Aim of the task
Reproduce the data exactly as given, except for any images.

Web page caption snippets
==============================

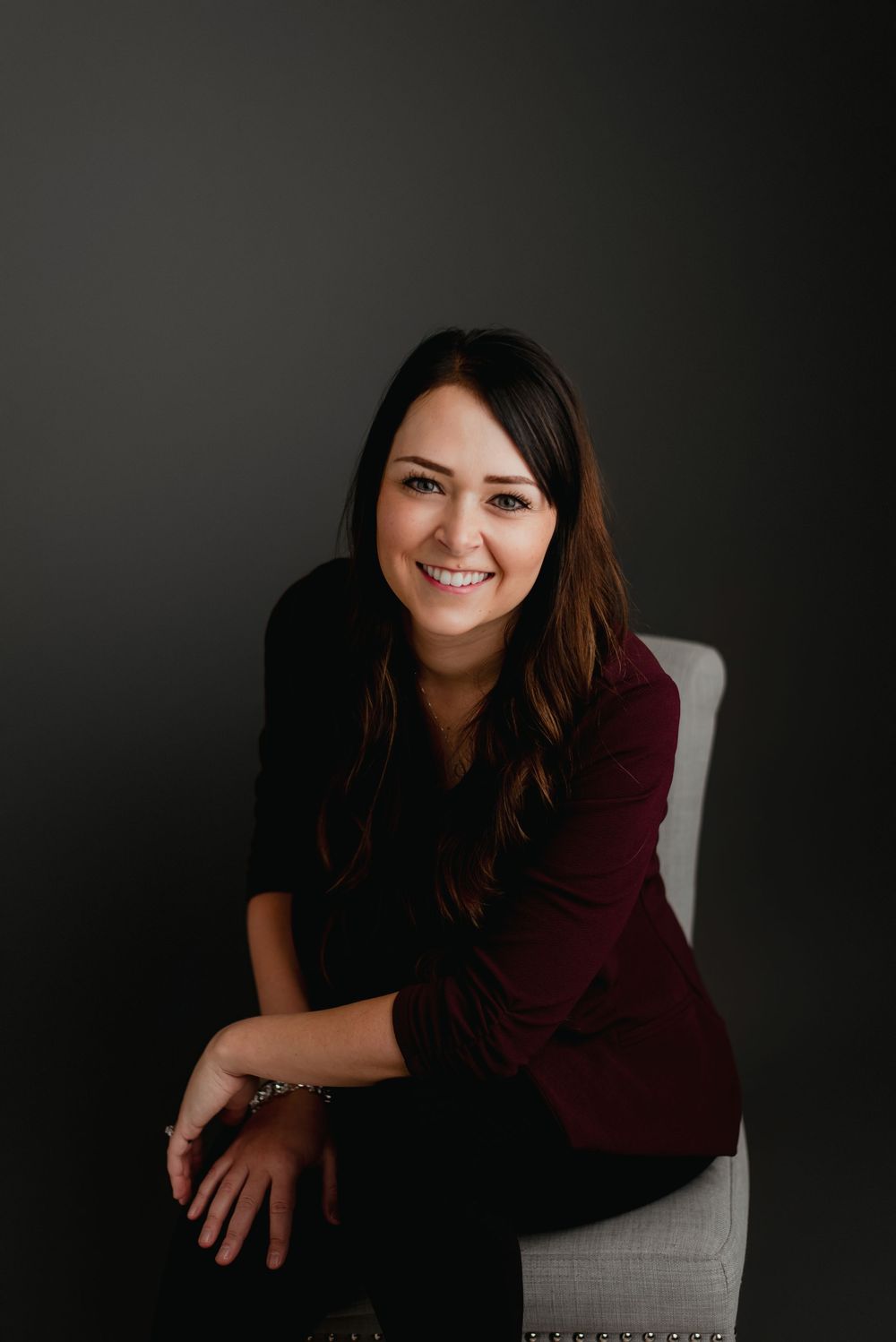 Professional headshot of smiling brunette woman in maroon top seated in chair against dark background.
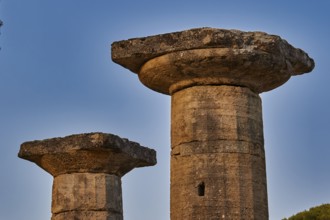 Temple of Hera, Temple of Hera, Heraion, Two ancient stone pillars against a clear blue sky,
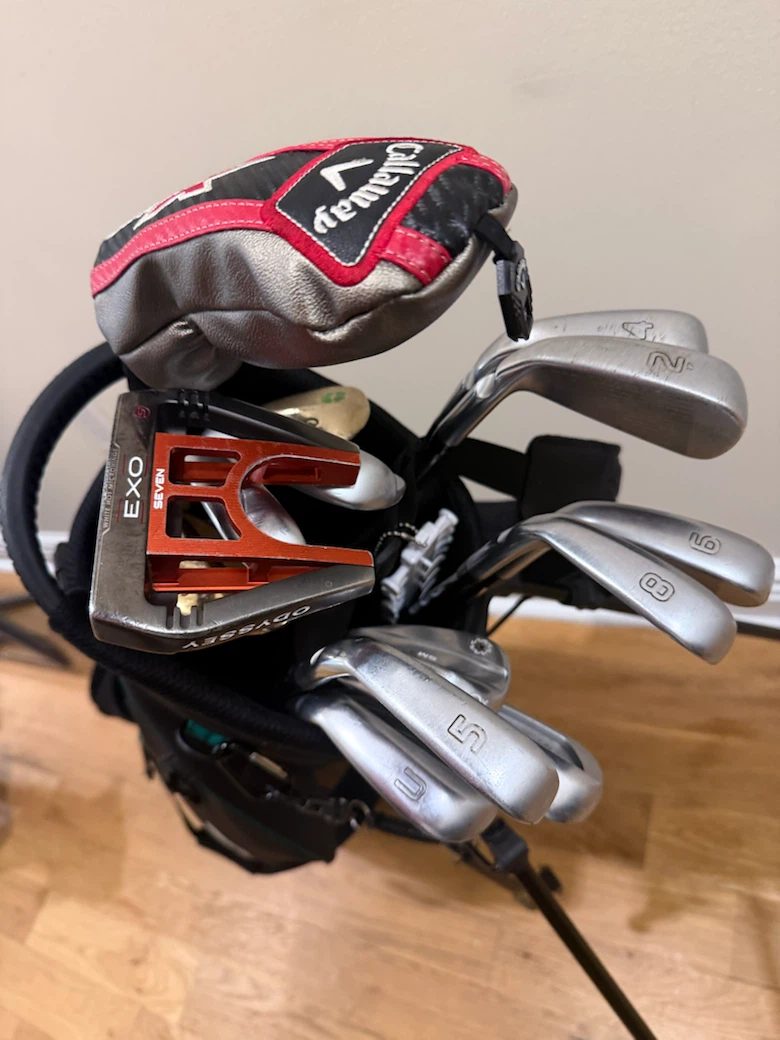 Ping irons & Malbon bag & odyssey putter & Callaway three iron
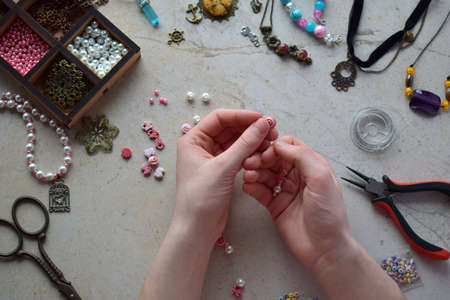 Making the jewelry. Needlework accessories for creating bracelet, chain from beads. DIY project....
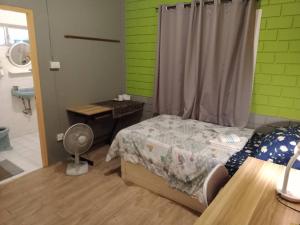 曼谷年轻美丽旅馆的一间卧室配有一张床和一张带风扇的书桌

==============================

Output of the task
 Professional headshot of smiling brunette woman in maroon top seated in chair against dark background.
 Temple of Hera, Temple of Hera, Heraion, Two ancient stone pillars against a clear blue sky,
 Ping irons & Malbon bag & odyssey putter & Callaway three iron
 Making the jewelry. Needlework accessories for creating bracelet, chain from beads. DIY project....
 曼谷年轻美丽旅馆的一间卧室配有一张床和一张带风扇的书桌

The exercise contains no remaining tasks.